奄美といえば、焼酎好きにとっては黒糖焼酎が生まれるエリア。黒糖を原料にした焼酎は、奄美群島でしか製造が許可されていないため、焼酎だけでなくあらゆるお酒のなかでも、地域性が特に豊かなお酒といえます。世界自然遺産登録のニュースを聞いて、黒糖焼酎が飲みたくなった、気になったという方も少なくないのではないでしょうか。

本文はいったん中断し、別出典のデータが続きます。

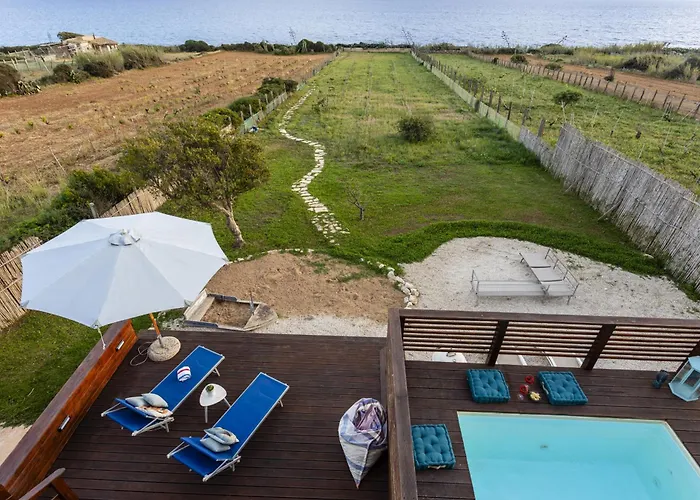 Villa Pisciotto - IsulaTravel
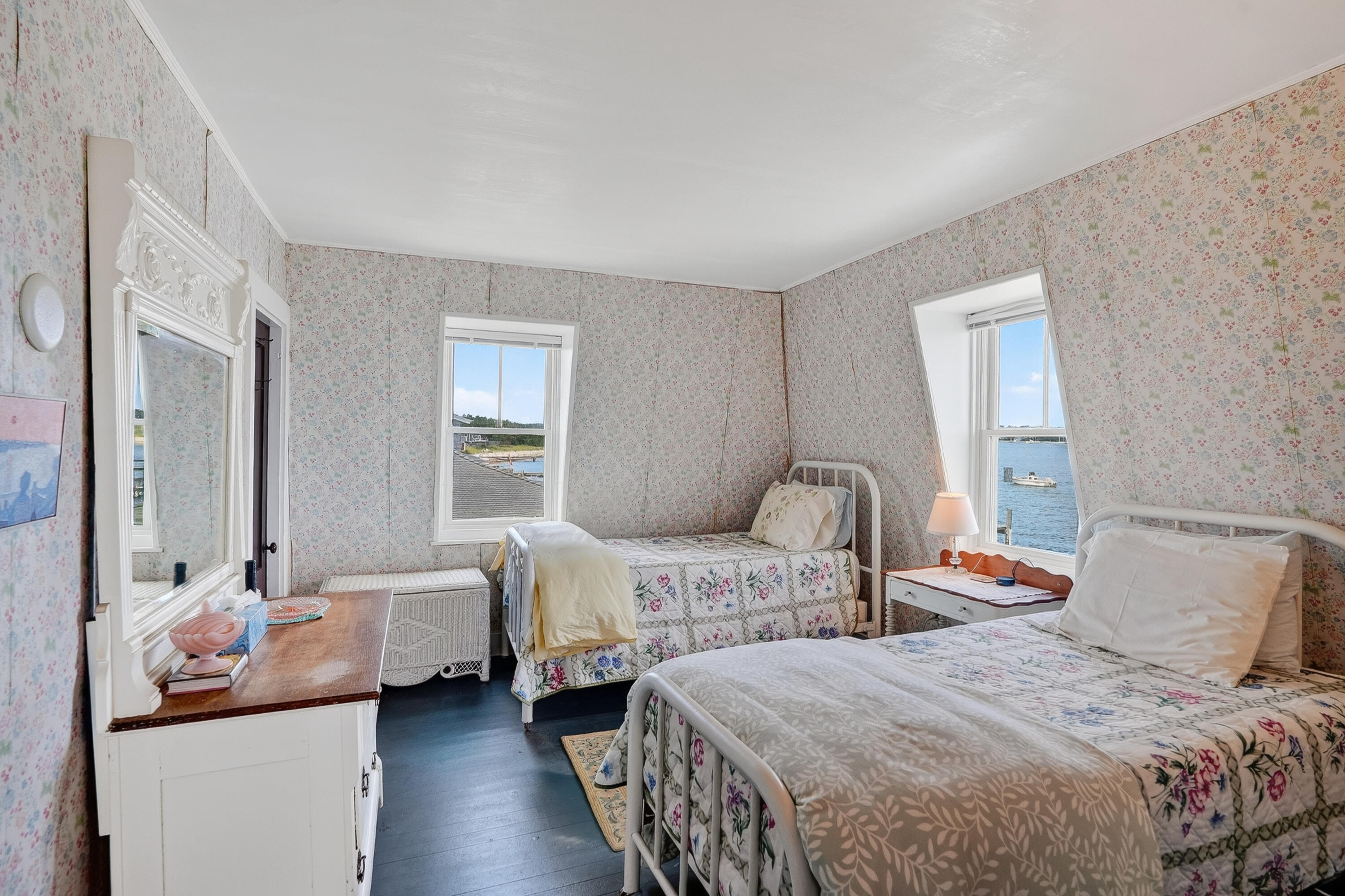 27 Beach Road Oak Bluffs MA 02557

さらに黒糖焼酎は、和酒と洋酒をつなぐ可能性に満ちたジャンルでもあります。

「日本のラム酒」ともいわれる黒糖焼酎。ラムとの大きな違いは、黒糖焼酎が麹を使って仕込む点です。麹はお酒に奥行きのある味わいと、焼酎らしい優しさ、丸さをもたらします。一方で、ラムと同様に樽などの熟成と非常に相性がいいのも大きな特徴。実際に、昔から多くの蔵元が熟成焼酎づくりを行っているようです。

というわけで今月は、黒糖焼酎の熟成タイプのおすすめをどどんと15本紹介します。奄美群島には、世界遺産の対象地域以外にも、喜界島や沖永良部島(どちらも美しい島々!)があります。いずれの島でも黒糖焼酎がつくられていますので、今回の記事ではこの2島も含みました(黒糖焼酎の熟成銘柄を手がけている蔵元はほぼ網羅しているはず!)。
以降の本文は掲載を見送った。